Software developers want reviews so that they can improve their code. But developers are busy. Peers may be unavailable or lack the context to provide comments. Backseat Driver prompts a large language model to give code a letter grade for readability, expressiveness, and organization. It also instructs the model to explain its reasoning. Developers gain the benefits of code review without needing another engineer.

Installation

pip install backseat-driver

Usage

Users need to create an OpenAI account and API key. Backseat Driver needs the API key to be able to request code review from a language model. Set the OPENAI_API_KEY environment variable to your API key.

Note that OpenAI will charge your account for Backseat Driver's requests. Each Backseat Driver invocation will make a request of at most 4096 tokens on a language model. ChatGPT's current pricing model is $0.002 per 1K tokens. At this price, users can expect each call to Backseat Driver to cost $0.002 * 4.096 = $0.008192, or just under 1 cent.

Local

Run Backseat Driver on the command line with the following.

backseat-driver my_script.py

Provide multiple scripts for simultaneous code review of all given files.

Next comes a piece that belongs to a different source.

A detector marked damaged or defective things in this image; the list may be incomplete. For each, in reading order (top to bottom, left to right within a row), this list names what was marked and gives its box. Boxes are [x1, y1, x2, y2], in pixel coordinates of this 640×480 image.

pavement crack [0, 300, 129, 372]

backseat-driver script1.py script2.py script3.py

Wildcard operators also work as expected.

backseat-driver *.py

Set the fail_under flag to cause Backseat Driver to exit with an error if the model gives the code a lower grade than what you have specified.

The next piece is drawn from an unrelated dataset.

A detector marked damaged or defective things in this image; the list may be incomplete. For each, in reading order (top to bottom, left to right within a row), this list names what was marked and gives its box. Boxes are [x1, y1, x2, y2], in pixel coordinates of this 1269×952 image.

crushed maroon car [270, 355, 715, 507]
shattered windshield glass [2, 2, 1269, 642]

backseat-driver --fail_under B *.py

GitHub Actions

TODO

# TODO not sure what source-directory should be in GitHub Actions
backseat-driver:
  openai_api_key: ${{ secrets.OPENAI_API_KEY }}
  fail_under: B
  source_directory: /
  filter_files_by_suffix: ".py"

Help

foo@bar:~$ backseat-driver -h
usage: backseat-driver [-h] [--fail_under {A,B,C,D}] filenames [filenames ...]

Requests a code review from a large language model (LLM). The model will grade the code based on readability, expressiveness, and organization. The output will include a letter grade in ['A', 'B', 'C', 'D', 'F'], as well as the model's reasoning.

positional arguments:
  filenames             The files to pass to the LLM for code review.

options:
  -h, --help            show this help message and exit
  --fail_under {A,B,C,D}
                        If specified, exit with non-zero status if the LLM's grade falls below the given value. This value is not inclusive: if this value is "B" and the LLM gives a final grade of "B," then the program will exit with a zero status. If not specified, then the program will exit with a zero status no matter the LLM's grade.

Example output

You can try Backseat Driver on the input program below to see how it works. Copy the code into test.py.

"""A file for testing prompt creation."""


def fib(n):
    """Returns the nth fibonacci number."""
    if n <= 2:
        return 1
    return fib(n - 1) + fib(n - 2)


def fact(n):
    """Returns n factorial."""
    if n <= 1:
        return 1
    return n * fact(n - 1)


def hailstone(n):
    """Returns the hailstone sequence starting with positive integer n."""
    if n <= 0:
        raise ValueError(f"Cannot compute hailstone of negative number {n}")
    if n == 1:
        return [n]
    if n % 2 == 0:
        return [n] + hailstone(n // 2)
    return [n] + hailstone(3 * n + 1)

Run Backseat Driver with the following.

backseat-driver test.py

What Backseat Driver says:

Grade: A

This code is well-written, easy to read, and well-organized. The function names are clear and descriptive, and the docstrings provide useful information about the functions' purpose and behavior. The code also follows the recommended Python style guidelines (PEP 8), including appropriate indentation, whitespace, and naming conventions. Overall, there are no major issues with the code, and it is highly readable and maintainable.

One possible improvement could be to add some error handling to the fib() and fact() functions, for cases where the input is not a positive integer. Another potential improvement could be to add some more comments to explain the logic behind the hailstone() function. However, these are minor suggestions and are not necessary for the code to function correctly.